You are viewing a plain text version of this content. The canonical link for it is here.

Posted to solr-user@lucene.apache.org by Stephen Lewis <sd...@gmail.com> on 2018/03/02 18:43:35 UTC

Performance Implications of Different Routing Schemes

Hello!

I'm wondering what information you may be able to provide on performance
implications of implicit routing VS composite ID routing. In particular,
I'm curious what the horizontal scaling behavior may be of implicit routing
or composite ID routing with and without the "/<bits>" param appended on.

I've been following this documentation
<https://lucene.apache.org/solr/guide/6_6/shards-and-indexing-data-in-solrcloud.html>,
and a few other blogs/articles I've seen around the web (including on lucid
works). Many of these discuss what the techniques and general philosophy
are of different document routing techniques, but I haven't been able to
find a "Big O" assessment so far by searching online. I'm aware than any
particular workload really needs a Sizing Exercise
<https://lucidworks.com/blog/2012/07/23/sizing-hardware-in-the-abstract-why-we-dont-have-a-definitive-answer/>
to fully understand its implications, but I'm hoping to plan high level
architecture beyond what I can currently forsee in scale.

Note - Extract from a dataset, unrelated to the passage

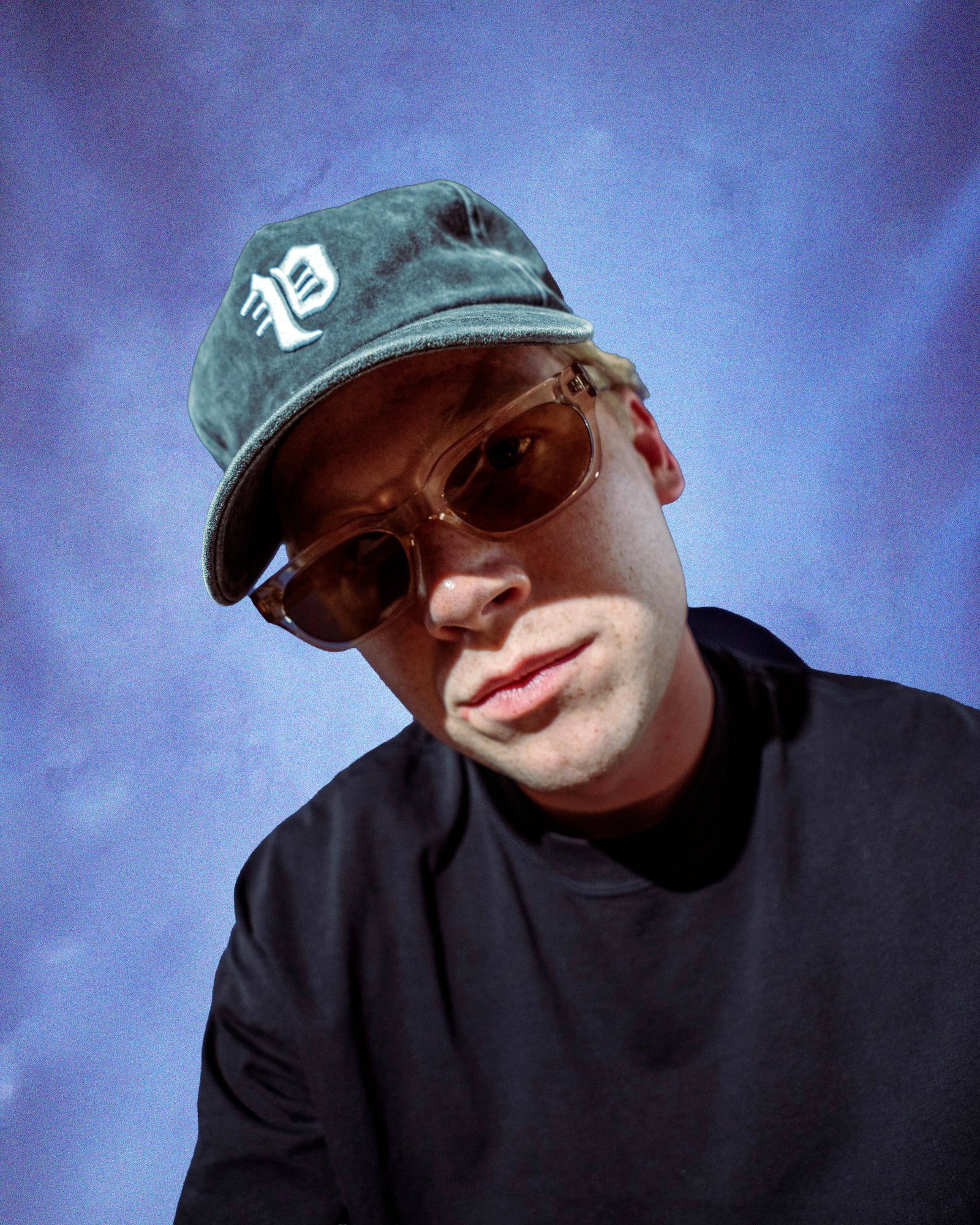 ‘P’ Logo Cap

A relatively simple assessment I've done belowleads me to believe the
following is likely the case: if we have S shards and B as our "/bits"
param, then resource usage would Big O scale as follows (note: Previously
I've received the advice that any shard should be capped at a max of 120M
documents, which is where the cap on docs/shard-key comes from)

   - Implicit routing
      - One Read: O(S)
         - hits horizontal scaling limit eventually as S grows
         - No cap on docs per shard key (no shard key)
      - Composite ID routing, no bits param:
      - One Read: O(1)
         - no horizontal scaling limit as S grows
         - Docs on a shard key capped at 120 million
      - Composite ID routing with bits param:
      - One Read: O(2^B)
         - no horizontal scaling limit as S grows for fixed B
         - Docs on a shard key capped at 120 million * 2^B


So my questions: Is this "big O" analysis about correct? Does SOLR have an
ability to scale horizontally on implicit routing despite what my simple
analysis would suggest? Are there other considerations here you can
enlighten me on?

I would guess the answer to the second question is "no" because otherwise
it wouldn't seem to me that composite ID routing would add much concrete
value. But perhaps there are some other factors I've yet to consider.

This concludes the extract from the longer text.